= Beginning of Section =

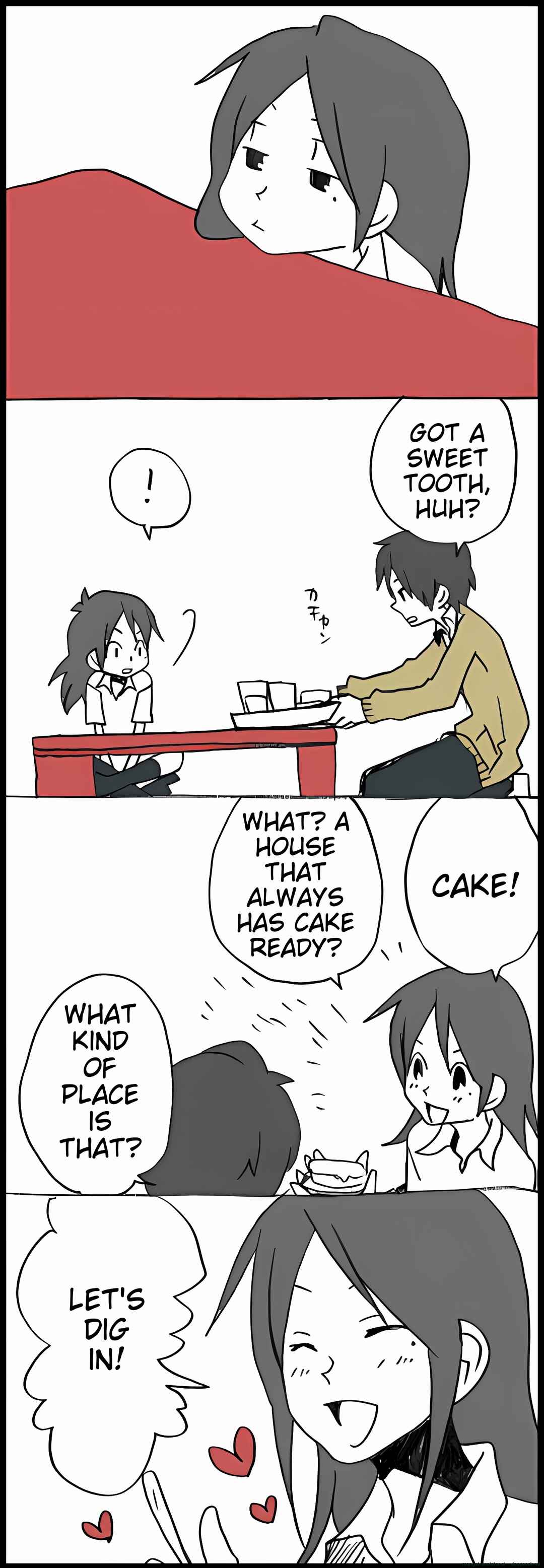 Page 8 Chapter 38 Hori-san to Miyamura-kun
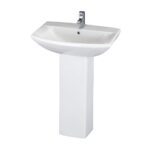 600mm Basin & Pedestal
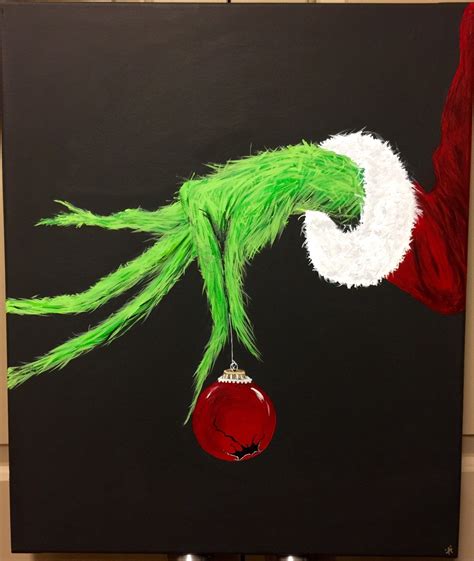 Grinch Painting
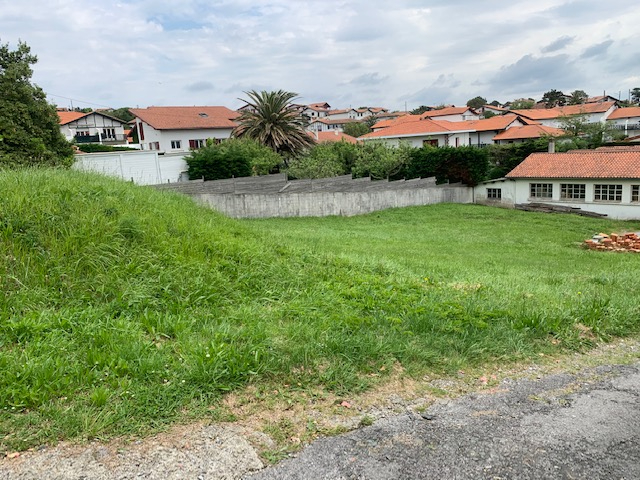 Terrain Bidart 800 m2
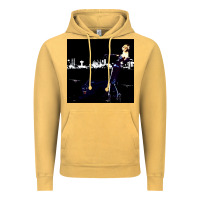 Vintage Mustard roxy poster Vintage Hoodie - FloraArt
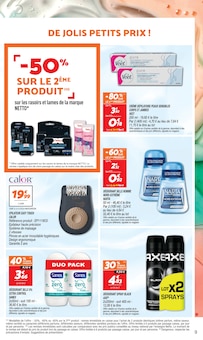 Promotion Déodorant dans le prospectus Netto, valable du 26/05/2026 au 01/06/2026 Promo Déodorant dans le catalogue Netto du moment à la page 9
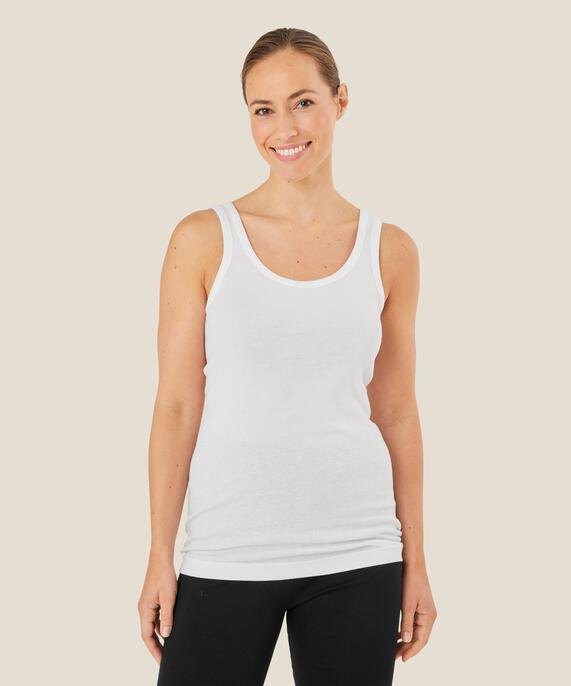 Erin JERSEY Topp, White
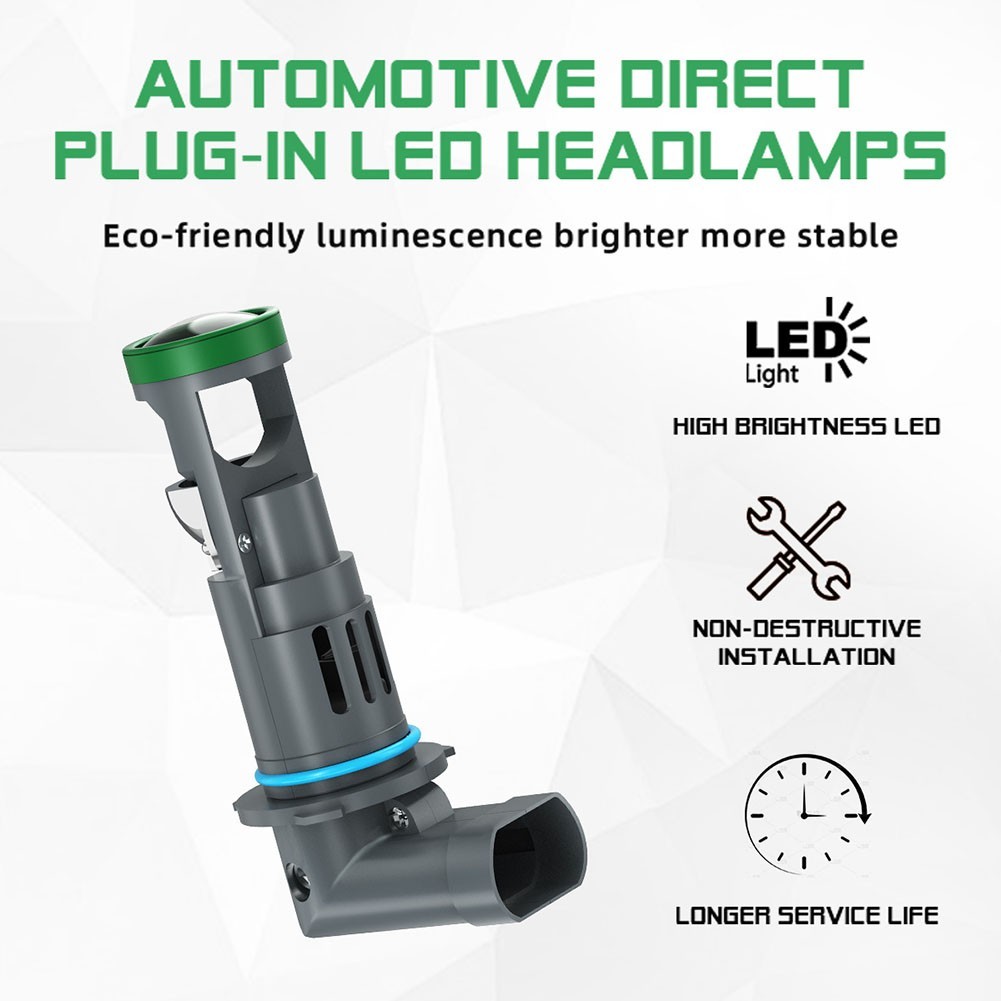 Lights Built-in Heat Dissipation Fan Extended Service Life Higher Brightness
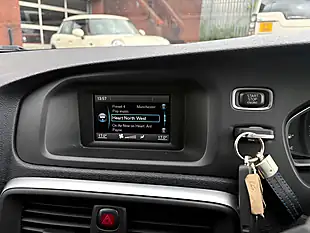 Used 2017 Volvo V40 Momentum Red - Interior and Exterior details 15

= End of Section =

- [Work instruction] Retyped exactly, the lines from the one holding "Erin JERSEY Topp, White" through the last line of the data above are the whole answer. Pictures stay out.

- [Solution to this problem]
 Erin JERSEY Topp, White
 Lights Built-in Heat Dissipation Fan Extended Service Life Higher Brightness
 Used 2017 Volvo V40 Momentum Red - Interior and Exterior details 15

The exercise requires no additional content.